AIM OF THE TASK - The line with "Dusit Zoo adds" marks the start; please set it down along with all later lines through the end of the material, exactly, leaving out pictures.

DATASET CONTENT -

*****

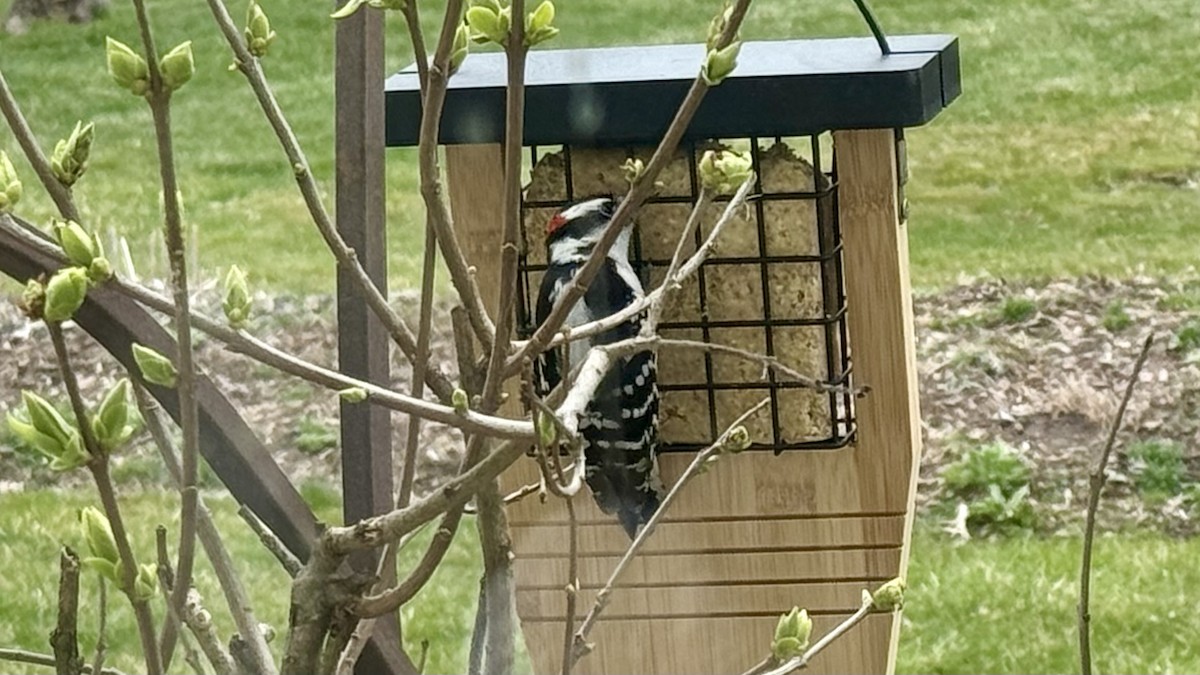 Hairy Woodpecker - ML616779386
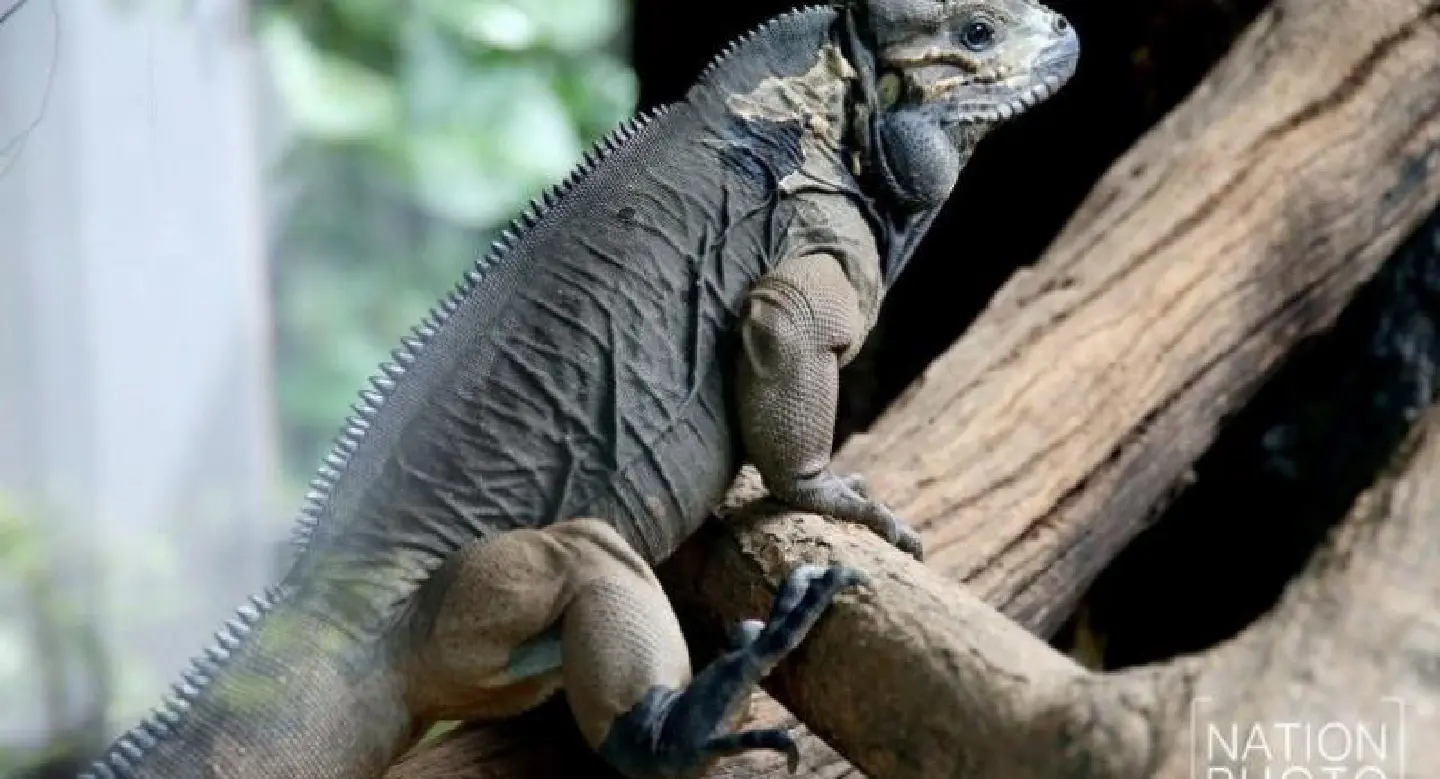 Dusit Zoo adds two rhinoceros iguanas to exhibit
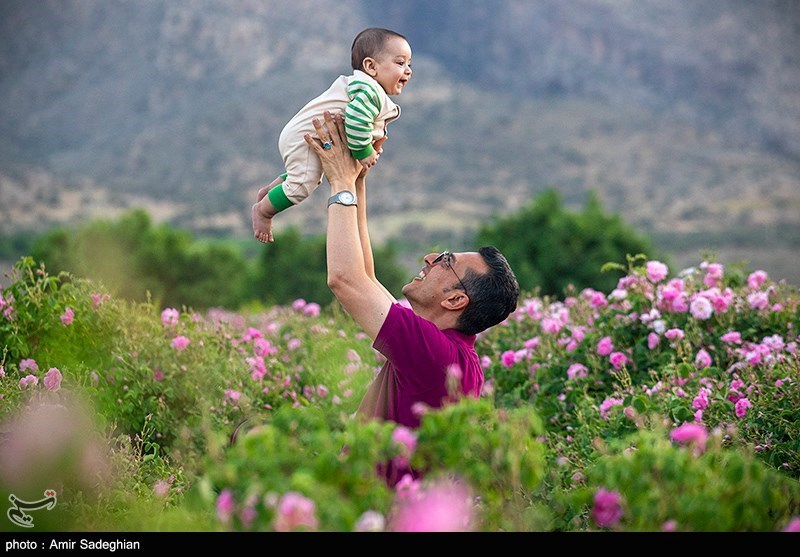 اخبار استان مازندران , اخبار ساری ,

*****

PROBLEM SOLUTION -
 Dusit Zoo adds two rhinoceros iguanas to exhibit
 اخبار استان مازندران , اخبار ساری ,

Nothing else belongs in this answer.